Simena

Gokkaya , Mediterranean Region , Turkey

About Simena

The remains of ancient Simena, now modern Kaleköy in the Kekova region, form one of the most impressive historical places in Turkey. The city’s striking crusader castle combines with a wealth of partly submerged ancient ruins and the beautiful Mediterranean waters to produce a truly inspiring place to explore.

Indeed, it comes as no surprise that Simena is an environmentally protected site; this unspoilt harbour town is surrounded by blue skies, white sand and a wealth of archaeological wonder. The surviving ancient ruins date to as far back as the 4th Century BC but most of the sites to have survived are from the Roman and Byzantine periods.

Although a member of the Lycian League, Simena’s coastal location afforded it a degree of independence from Lycian affairs, instead Simena was a small port town for traders of the wider Mediterranean. Certainly pirates saw promise in the treasures of Simena and the problem of piracy is prominent throughout the town’s history. The coastline was militarised to deal with the threat and Simena boasts the remnants of a crusader castle, erected by the Knights of Rhodes (an order of the Knights Hospitaller) atop earlier fortifications.

Today this historic castle is probably the most renowned of Simena’s sights and tourists can visit the castle which also possesses its own small ancient theatre among other remains. The well preserved ruins also offer great views of the surrounding countryside and the idyllic coastline.

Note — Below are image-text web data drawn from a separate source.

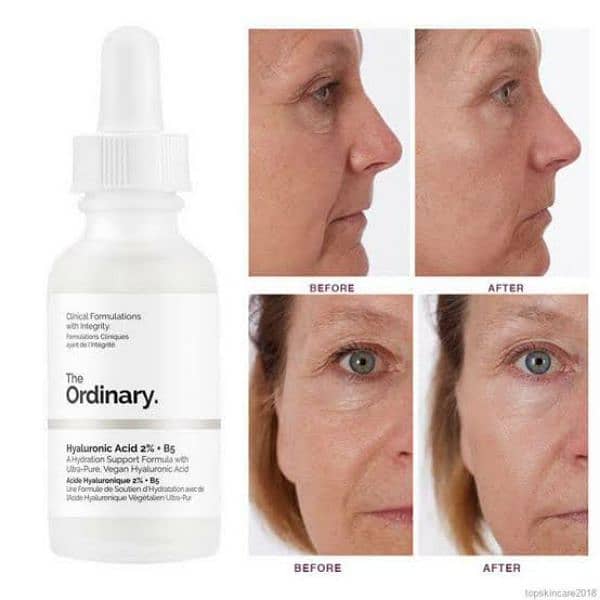 The Ordinary Niacinamide Serum – Blemish Control & Smoother Skin 1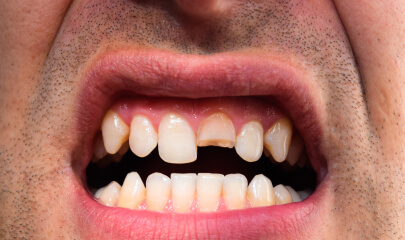 Close-up of a fractured or chipped tooth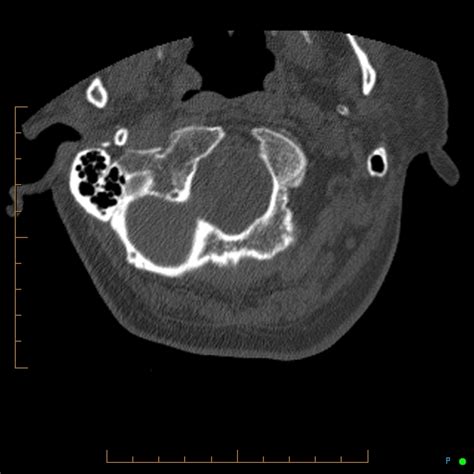 Cervical Spine Fracture Ankylosing Spondylitis Radiopaedia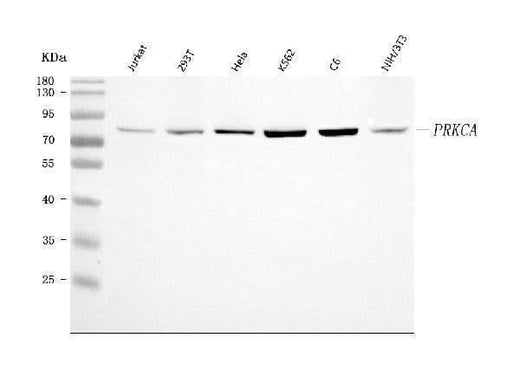 Anti-PKC Alpha/PRKCA Antibody Picoband® Boster Bio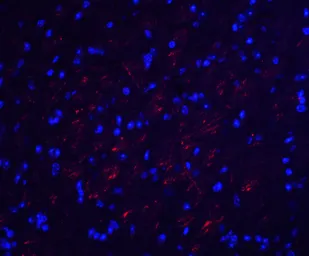 Anti-Occludin antibody used in IHC (Paraffin sections) (IHC-P). GTX85016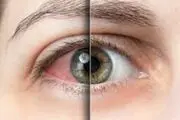 رابطه میان خشکی چشم و آسم چیست؟
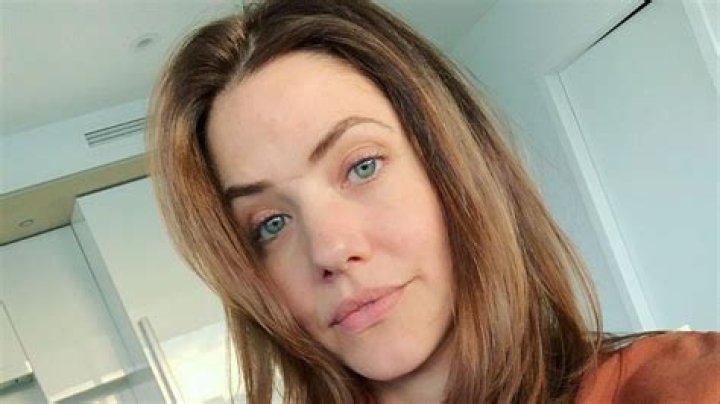 Julie Gonzalo's Scar: The Story & Significance You Didn't Know!
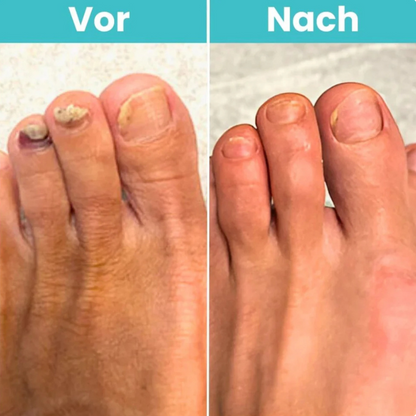 NagelKlar Pro | Klare, Gesund Aussehende Nägel Zu Hause Wiederherstellen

While many of the ruins were submerged when Simena was prey to earthquakes in the 2nd century AD, many points of historical note still remain. It is evident, for example, that Roman Baths c79AD were dedicated to the Flavian Emperor Titus during his short reign by the townsfolk of Simena, and inscriptions that decorate the ruins are ready to be deciphered by the eager Latin historian.

If you’re brave enough, Simena is also home to a Lycian necropolis or burial ground. The sarcophagi are large structures which can be accessed on foot; many of them still remain scattered along the nearby hill side. A Byzantine wall also surrounds the village, while the remnants of a Temple to Poseidon can be discovered nearby.

However, one of the most fascinating aspects of site are the numerous remains which are now underwater. Visitors can see Lycian tombs protruding from the coastal waters along with half-submerged ancient houses. In fact, a small but thriving boat-tours industry has now established itself to serve the needs of visiting tourists – though more challenging canoeing tours are also available in the village while renting a yacht is another option for tourists looking to get the most out of their visit to this spectacular site.

Today, Simena provides a scenic backdrop for visitors that travel year round by both land and sea to experience the awe inspiring history of the city; what was once a small fishing village is now an idyllic coastal treasure trove for the tourist and the historian alike.